# WHAT YOU SHOULD DO
Please return every record exactly, with no pictures included.

=== DATA SECTION ===

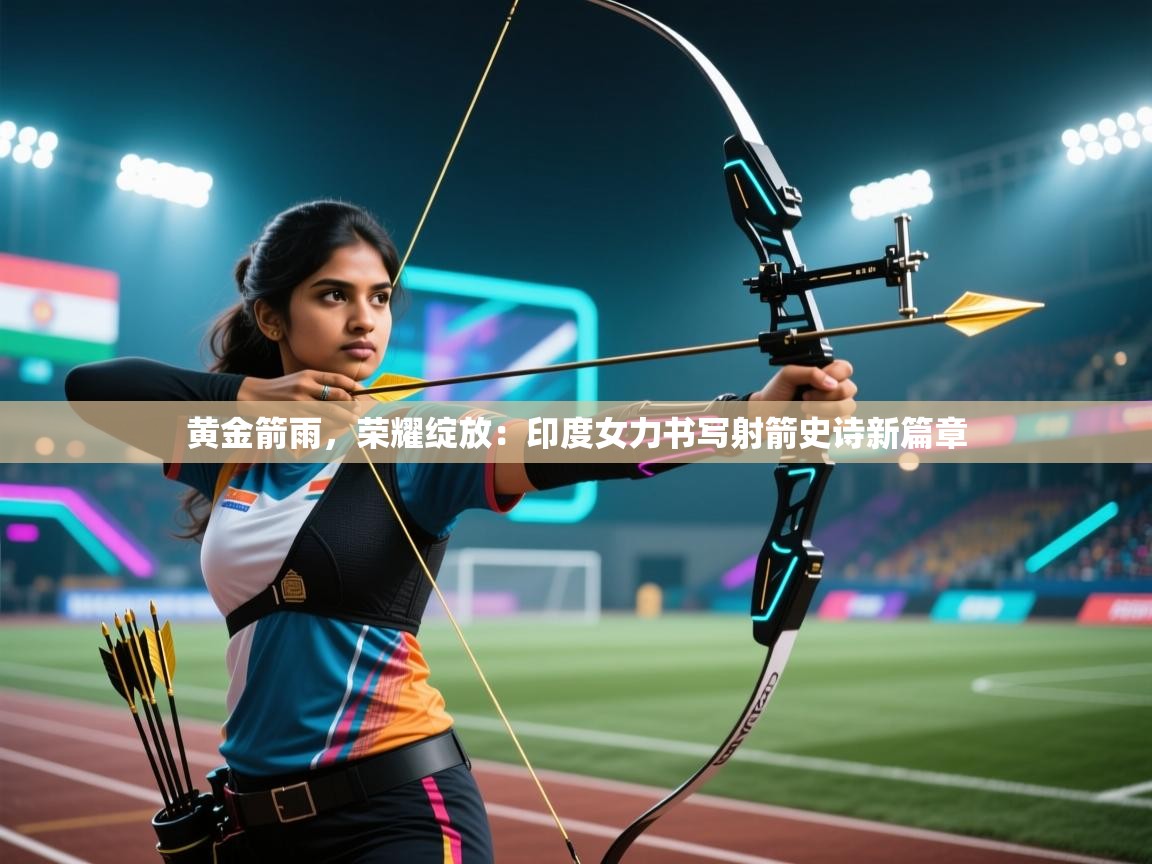 黄金箭雨，荣耀绽放：印度女力书写射箭史诗新篇章  第1张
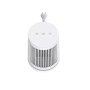 Обогреватель настольный Xiaomi Mijia Desktop Heater 600W (ZMNFJ01YM), до 20 м?, белый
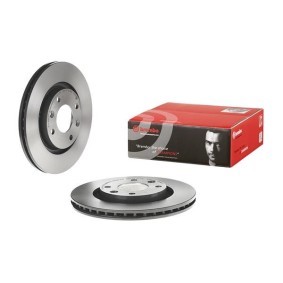 BREMBO COATED DISC LINE 09.8695.11 Disco de freno – KnockOutlet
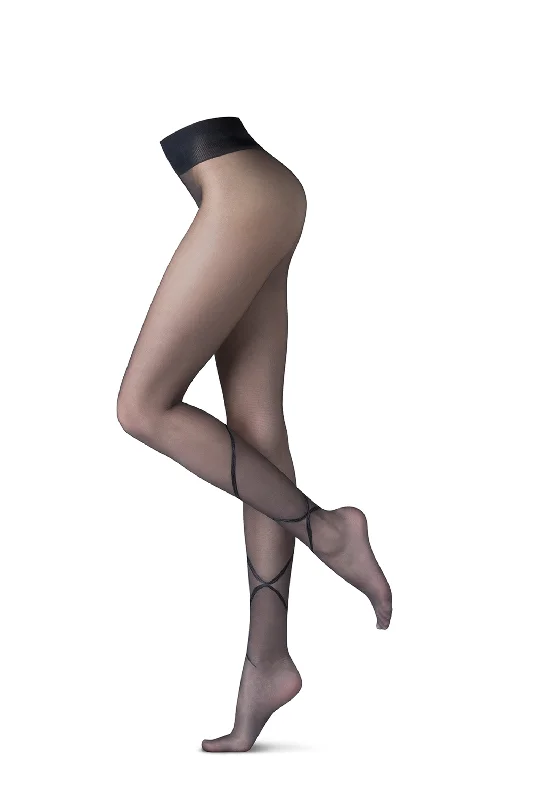 Oroblu Ribbon Tights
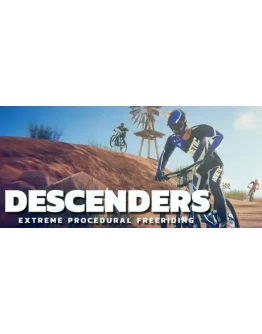 Descenders Смена данных Полный доступ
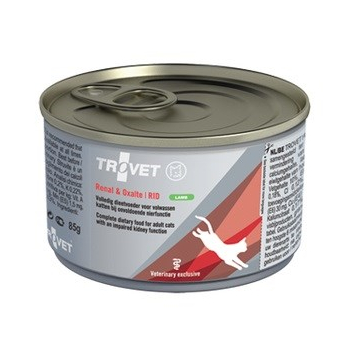 Trovet RID Renal & Oxalate jagnięcina dla kota 100g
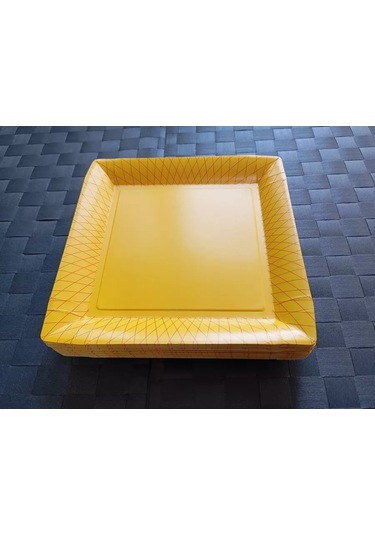 Tverskie Tarelki Tek Kullanımlık Parti Tabakları 233869690 100 adet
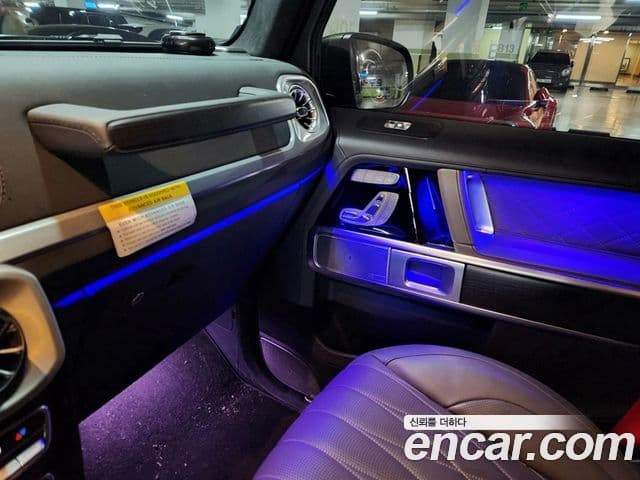 Mercedes-Benz G-класс W463b AMG G63 MANUFAKTUR, 2023 10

===

# OUTPUT FOR THIS TASK
 黄金箭雨，荣耀绽放：印度女力书写射箭史诗新篇章  第1张
 Обогреватель настольный Xiaomi Mijia Desktop Heater 600W (ZMNFJ01YM), до 20 м?, белый
 BREMBO COATED DISC LINE 09.8695.11 Disco de freno – KnockOutlet
 Oroblu Ribbon Tights
 Descenders Смена данных Полный доступ
 Trovet RID Renal & Oxalate jagnięcina dla kota 100g
 Tverskie Tarelki Tek Kullanımlık Parti Tabakları 233869690 100 adet
 Mercedes-Benz G-класс W463b AMG G63 MANUFAKTUR, 2023 10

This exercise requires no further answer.